Let $E$ be an elliptic curve which has CM and $K$ the imaginary quadratic field in which $End(E)$ is an order. I have 3 questions, which are somehow related to each other:
- If one considers $E(K)$ as a module over $End(E)$ instead of $\mathbb{Z}$, and $E(K)$ has rank $n$ over $End(E)$, will it have rank $2n$ over $\mathbb{Z}$?
- Is it true that the rank of the Mordell-Weil group (i.e. rank of $E(K)$ as a $\mathbb{Z}$ module) of such a curve is even? (of course, second question is clearly true if the answer to the first one is affirmative)
- If questions 1) and 2) fail and $E(K)$ has rank $2$ as a $\mathbb{Z}$-module, how can I test if it has rank $1$ as an $End(E)$ module?

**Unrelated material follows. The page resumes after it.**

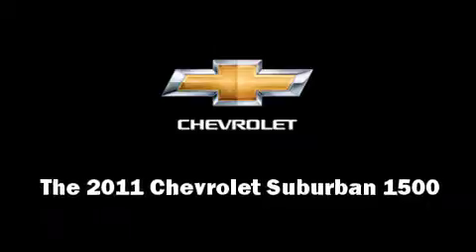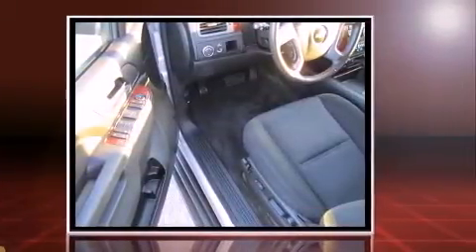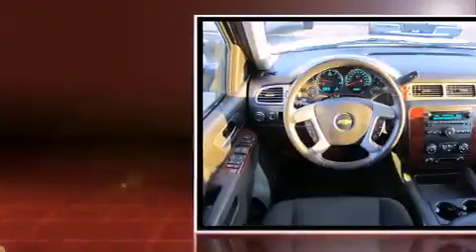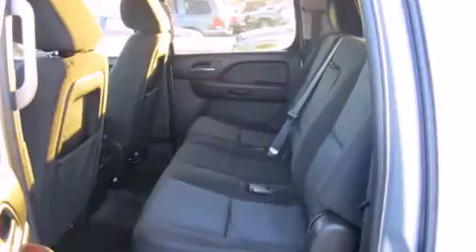Discerning drivers will appreciate the 2011 Chevrolet Suburban 1500. With less than 30,000 miles on the odometer, this four-door sport utility vehicle prioritizes comfort, safety, and convenience. It features an automatic transmission, rear-wheel drive, and a powerful eight-cylinder engine.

All the examples that I have come accross in Cremona's tables and another sample of $500$ curves tested with Magma satisfy the second assertion (it is maybe worth pointing out that almost all of these examples were curves which can be defined over $\mathbb{Q}$)
Clearly $A=E(K)/E(K)_{\text{tors}}$ is a free Abelian group, and also a module over an order $\mathfrak O$ in a the quadratic field $K$. Then $A$ must have even rank: $A\otimes_{\Bbb Z}\Bbb Q=A\otimes_{\mathfrak O}K$ has dimension over $\Bbb Q$ twice the dimension over $K$.